**ABOUT THIS EXERCISE**
What you return should be the lines from the one with "Vĩnh Sinh Đi Chết Đi! - Chapter 15 - Page 13" through the one with "- Afbeelding 8" in the data below, reproduced exactly with both ends, and no pictures at all.

**SOURCE RECORDS**

================================

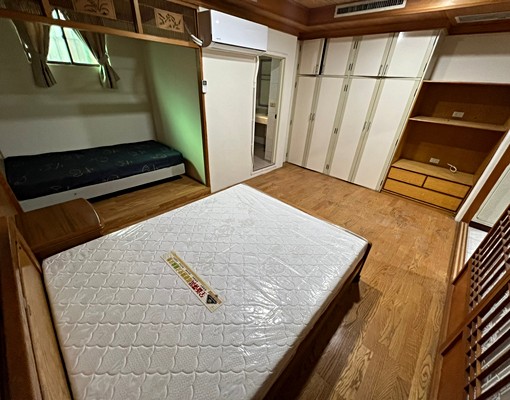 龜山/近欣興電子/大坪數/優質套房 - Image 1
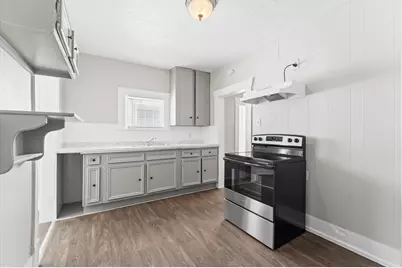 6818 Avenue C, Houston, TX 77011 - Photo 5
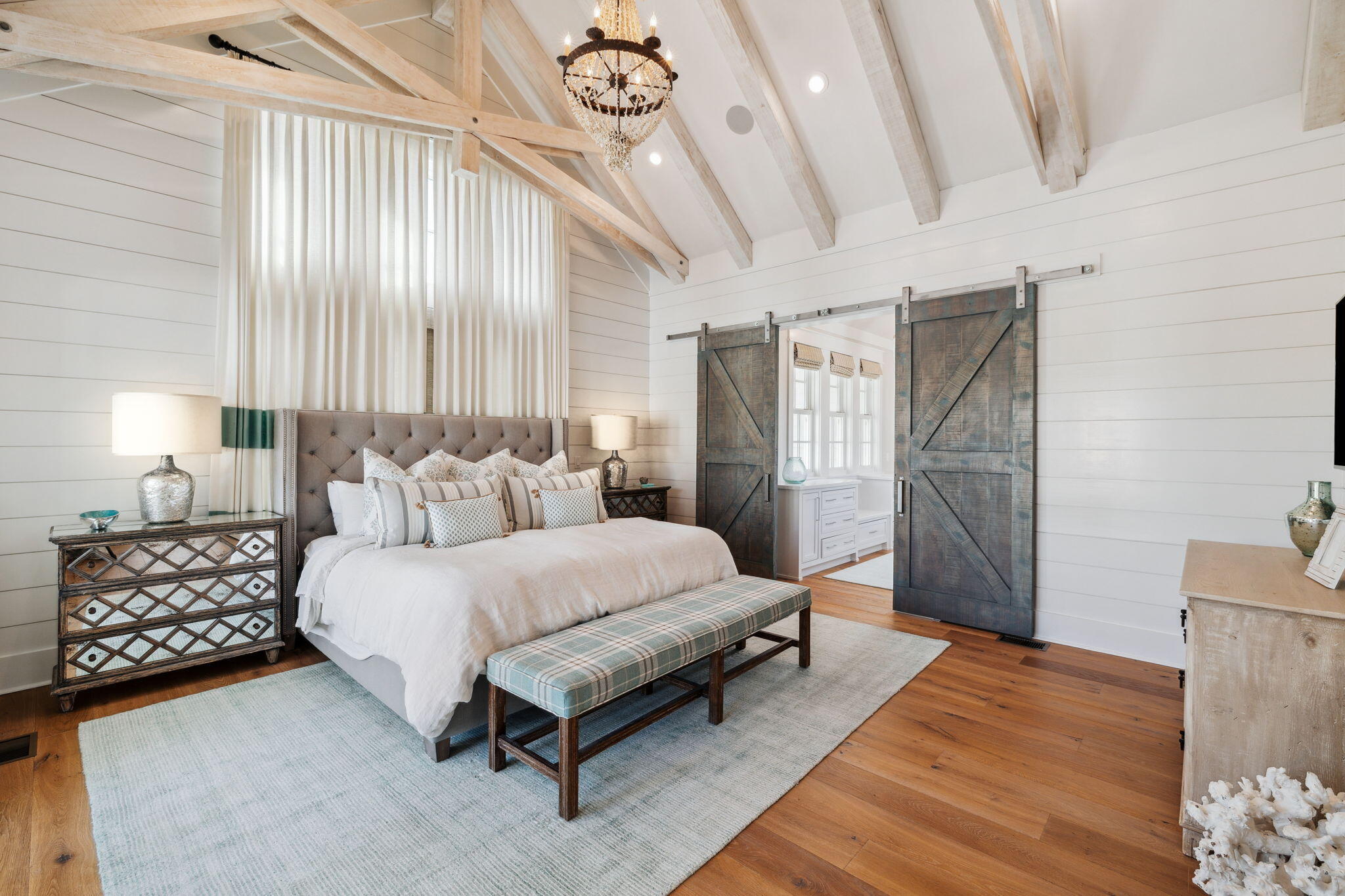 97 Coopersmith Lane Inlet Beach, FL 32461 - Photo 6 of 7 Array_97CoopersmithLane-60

================================

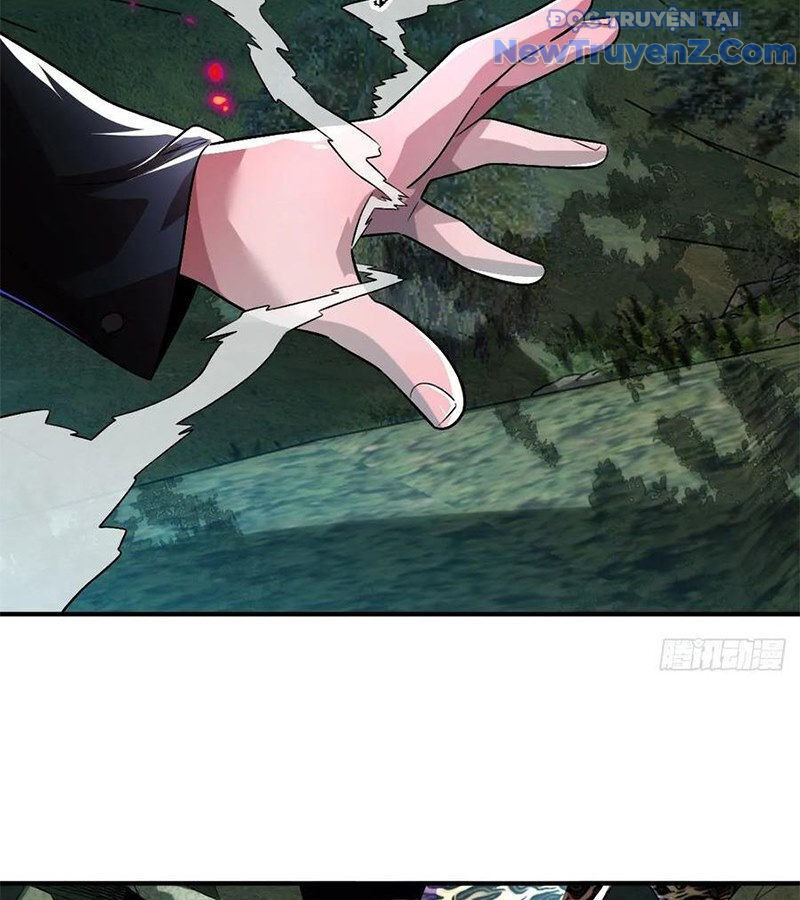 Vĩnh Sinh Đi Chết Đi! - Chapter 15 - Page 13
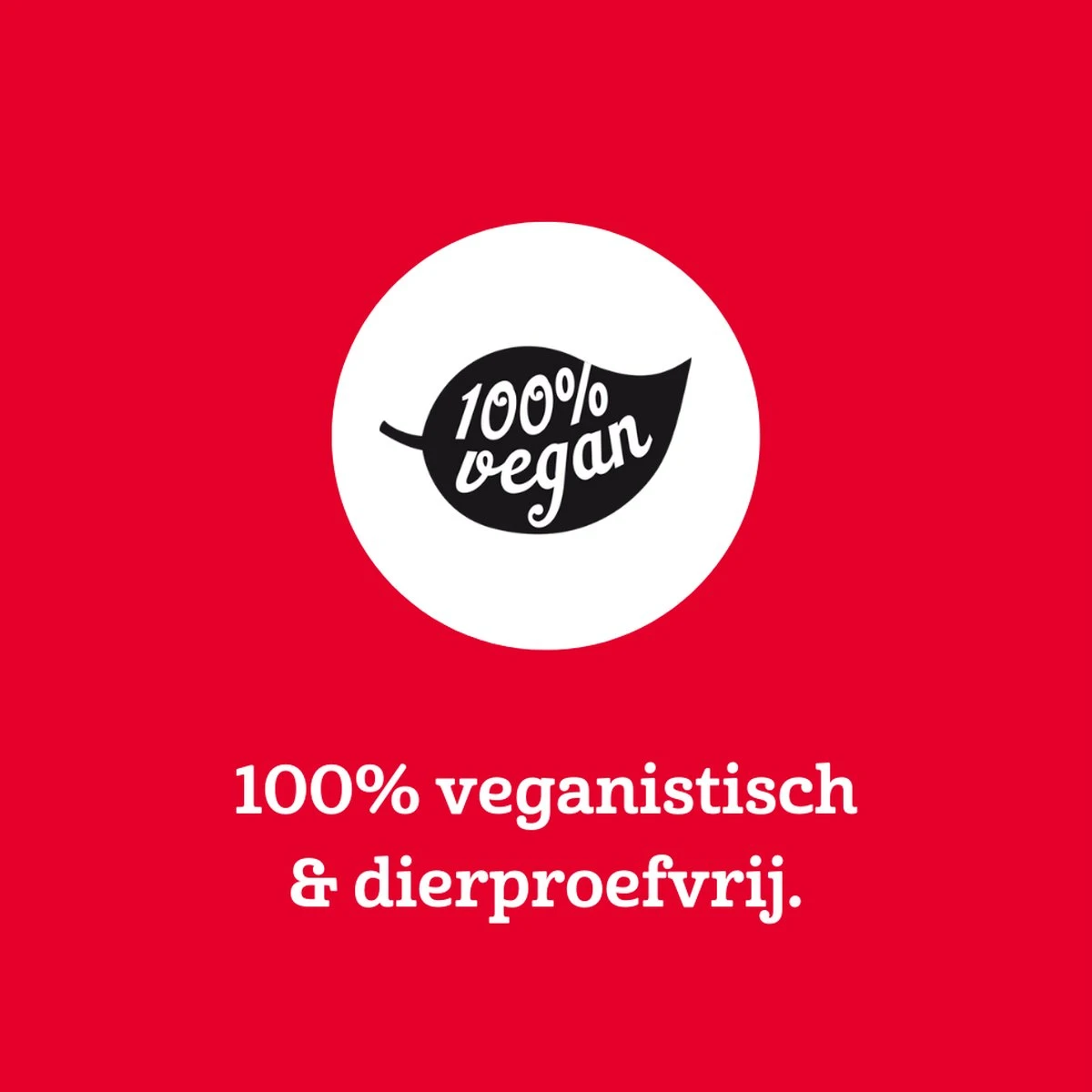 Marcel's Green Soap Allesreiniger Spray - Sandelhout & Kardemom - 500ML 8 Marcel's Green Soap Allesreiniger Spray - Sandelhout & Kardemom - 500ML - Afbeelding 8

================================

**THE ANSWER**
 Vĩnh Sinh Đi Chết Đi! - Chapter 15 - Page 13
 Marcel's Green Soap Allesreiniger Spray - Sandelhout & Kardemom - 500ML 8 Marcel's Green Soap Allesreiniger Spray - Sandelhout & Kardemom - 500ML - Afbeelding 8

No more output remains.